I feel a mix of emotions after watching President Barack Obama deliver yet another powerful eulogy for victims of senseless violence. This was once again the President who wrote about the “audacity of hope” before he became President. Yet this was a wistful President who has recognized the limitations of his own words, who achieved the highest office in the country and found that he could not effect change as much as he wanted. The speech was a reminder once again that Mr. Obama knows his Scripture and knows the American people.

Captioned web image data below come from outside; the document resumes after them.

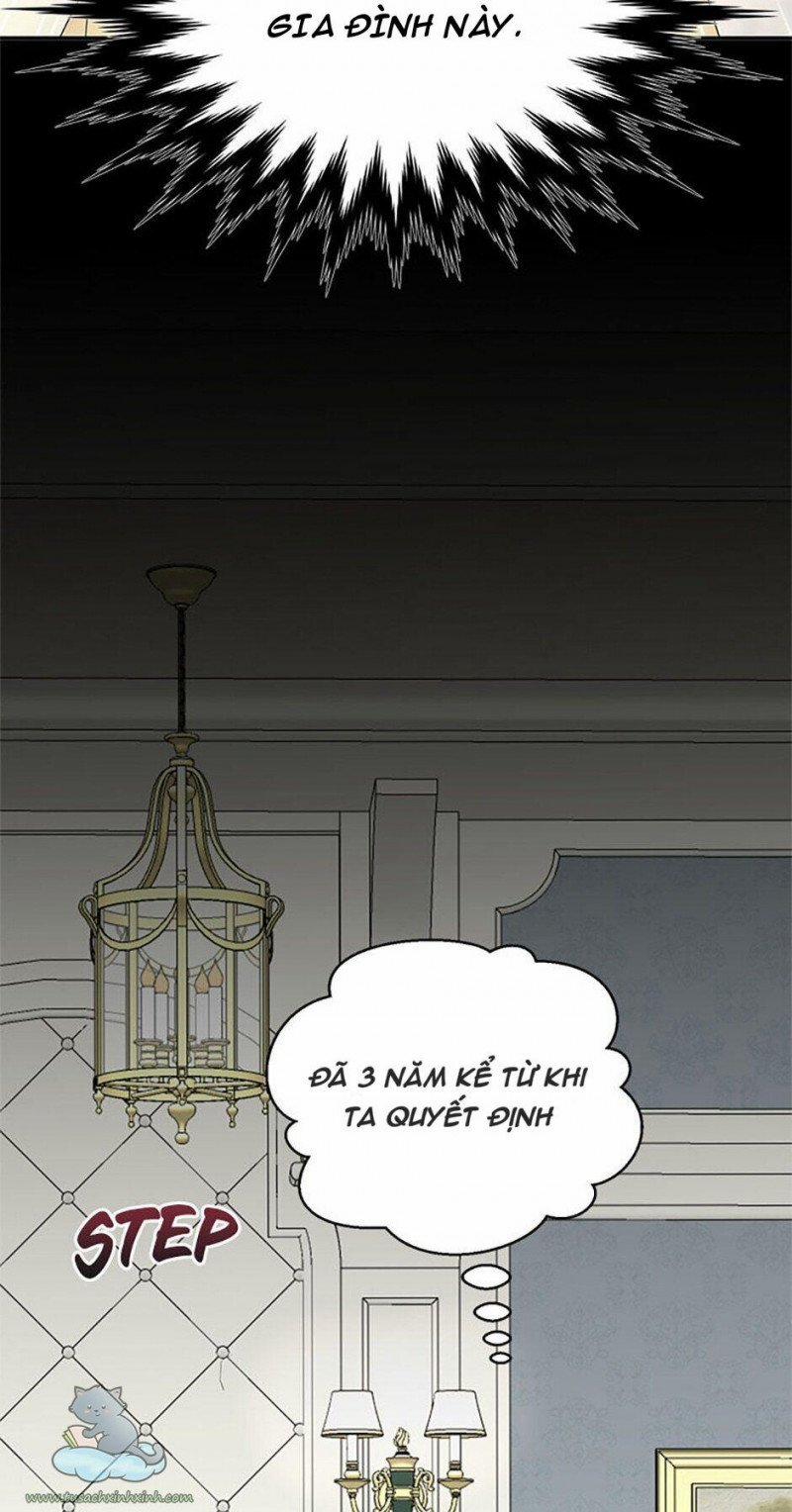 Loelline Seizes The Future 1 trang 33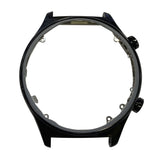 Original LCD Screen Frame Bezel Plate For Honor GS3, For Honor Watch GS 3(Original)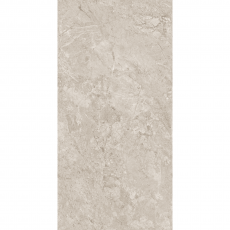 Керамогранит матовый ROCK ENDLESS PRISMA CREMA 600*1200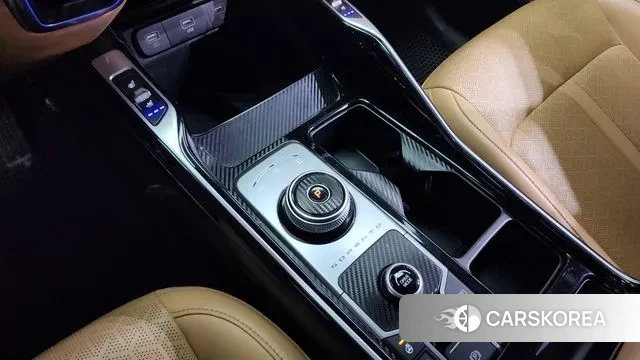 Kia Sorento 4th Generation id 3384263 из Кореи 19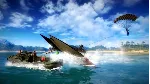 ✅ Just Cause 2 Xbox One & Xbox Series X|S активация
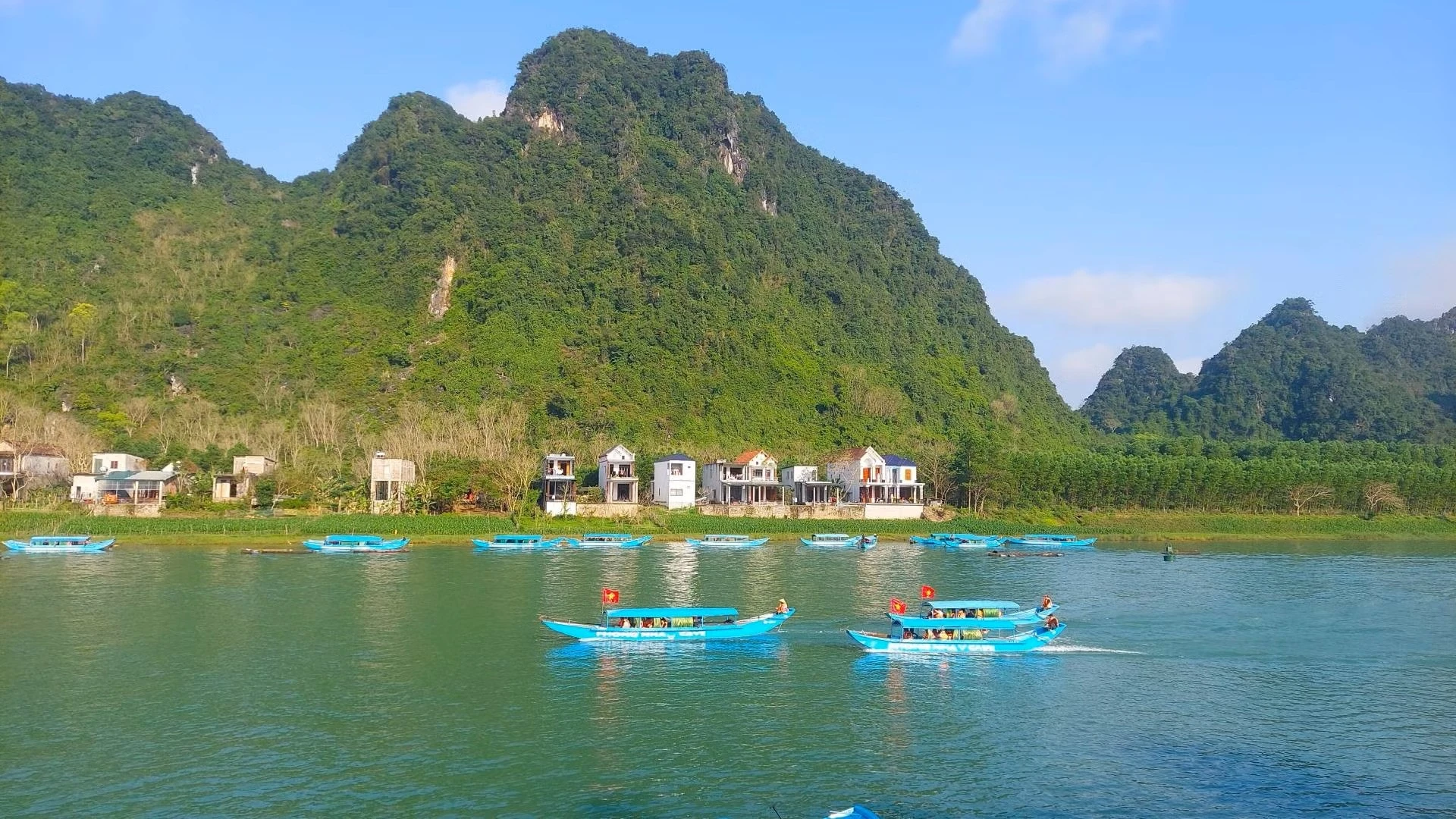 Báo Đồng Tháp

Prior to his speech, several pundits suggested that he was out of touch by expressing, while he was still in Europe that America is not failed with hate and wasted by racism. But in his 40-minute cry from the heart, Mr. Obama reminded us that he does indeed know this country and its people. We have our haters but they are the few. He reminded us that America and Americans have indeed made racial progress in the fifty years since the passage of the Civil Rights Act. It would be a dishonor to those who have struggled to feel otherwise, Mr. Obama said.
Be pleaded for a greater appreciation of the work and commitment of police all across the country – and particularly to the Dallas police who Mr. Obama said are doing things right. He personalized the lives and meaning of the five slain officers. We all need to understand that they put their lives on the line every day.
At the same time, and poignantly so before an audience that was not entirely friendly to this President, Mr. Obama argued that we all have to understand that there is still a legacy of racism and a sensibility of fear among those who are members of forgotten groups – African Americans, Latinos, Middle Easterners, and gays.
This was the idealist that majorities of Americans elected and re-elected. But Mr. Obama was speaking as a man in his final year of office, fully recognizing where he himself fell short in delivering a better America. He reminded all Americans that politicians have not delivered on resources for schools, yet demand from police that they put out the fires when anger boils over.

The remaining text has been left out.